Only reason Quest 2 was 299 was because they were selling the device without profits. Quest 3 will be at least 399 and very likely 499.

 

Assume they can do eye tracking at 500-600$, it is definitely something they should go for instead of 400$ without eye tracking. If they can't do eye tracking without going all the way up to 700$ then fine, they can skip eye tracking

Cain_Bloodbane
Adventurer

I think they want to seem the Quest 3 price at or below $500. If eye tracking would make it cost even $525 I doubt they would go for it, and I also do not think we should expect the Quest 3 to be subsidized. Carmack talked about how the Quest and Quest 2 on average only got about 3 apps bought for them. The most popular apps on Quest 1 and 2 seems to be free apps like Rec Room and VRChat. Many probably also buy the Quest 2 only to be used for PCVR.

With that being the case, it ruins the whole idea behind subsidizing the headsets, which is part of why the prices got raised 100 USD for the Quest 2 devices. So I think with the Quest 3 we will also see a 400 and a 500 USD version, but Mark said we should expect its price to be 300-500. So I guess they might still aim for a 300 USD Quest 3.

As I already mentioned in several posts, I doubt they will be able to include eye tracking and keep its price below 500 USD. Especially without subsidizing it.
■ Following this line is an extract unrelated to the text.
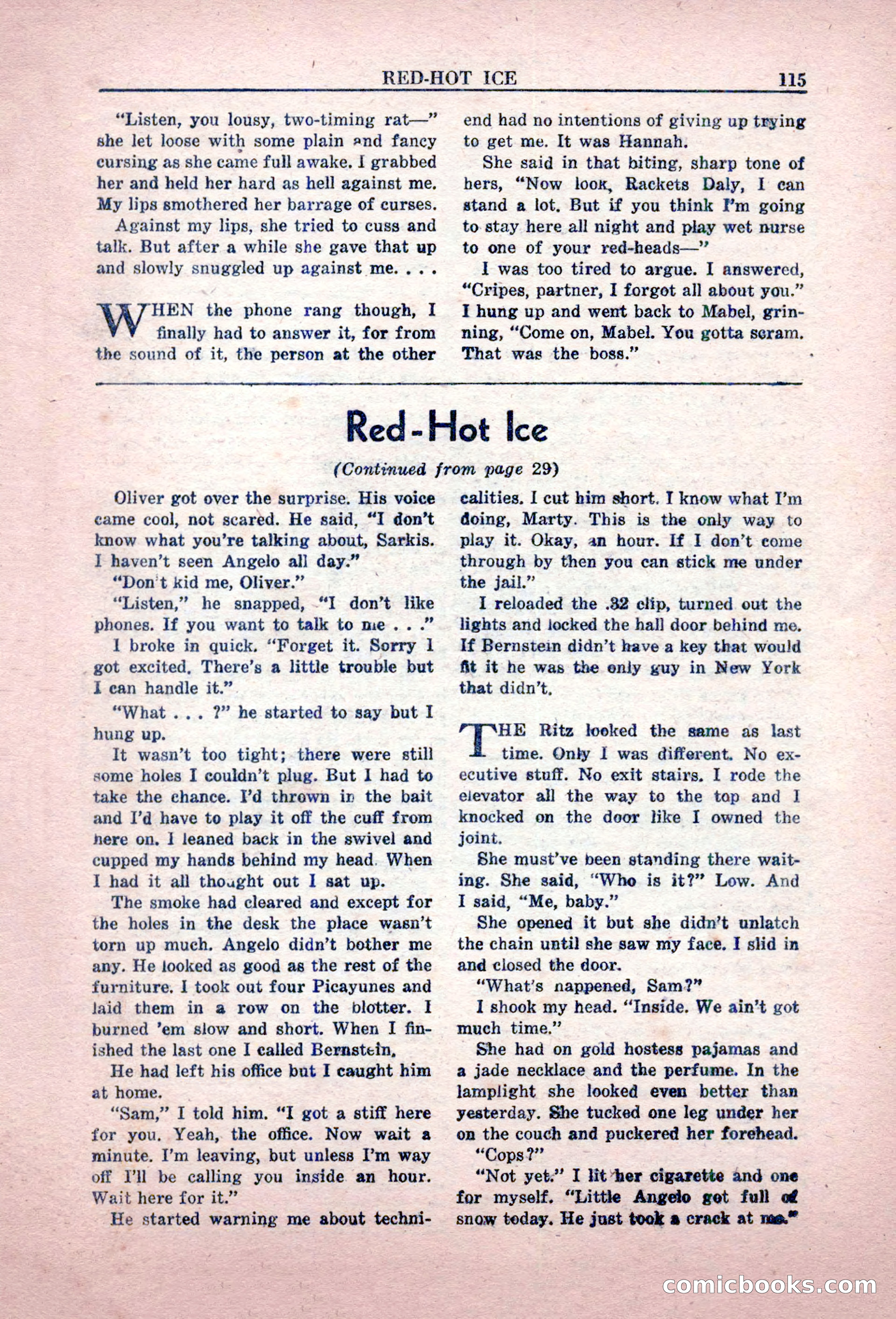 Private Detective Stories, February 1949 — page 115 of 132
But they are trying to find a way to include eye-tracking, because the benefits of foveated rendering can be pretty big, and I think especially if they can end up being able to apply dynamic foveated rendering to everything because of it being a standard in the Quest 3. If it remains a "high end only" thing, I do not think it will get nearly the same focus to add dynamic foveated rendering to everything, because they might as well instead focus their time on optimizing for everything without foveated rendering. That might be the case either way as some will decide not to enable it, and it should maybe not be something Meta should expect users to enable by default.

Navhkrin
Honored Guest

Snapdragon made the announcement for AR2 recently, which is a new version of their AR chipset designed for ultra-compact AR glasses. And guess what? Even that little 1 watt power processor is now coming with eye tracking sub-processor included! This all but guarantees they will feature dedicated eye tracking circuit in XR2 Gen2.

All that remains now is for facebook to include appropriately placed camera's for eyes and they will have eye tracking without having to worry about putting another chip into the headset.

Even if Facebook doesn't put eye tracking in Q3, another company such as Pico will very likely do which would put them at really bad position. It would be huge mistake not to include eye tracking given the processor already supports it

Qualcomm Launches Snapdragon AR2 Designed to Revolutionize AR Glasses | Qualcomm

Cain_Bloodbane
Adventurer

But isn't there some uncertainty about whether the AR2 will have anything to do with the XR2 Gen2? I hope it will, but it seems to be an assumption that anything from the AR2 might be included in the XR2 Gen 2 chipset. As I understand it, they already completed XR2 Gen2 and the AR2 probably used tech from XR2 gen 1 and 2 to be possible. The concept of the AR2 seems strange to me, because the whole idea of XR is that its supposed to encompass AR, VR and MR. So doing an AR specific chipset seems like a step back? But I guess it might make sense to go that way because an AR headset might have different priorities, like probably having a even smaller form factor than the XR2.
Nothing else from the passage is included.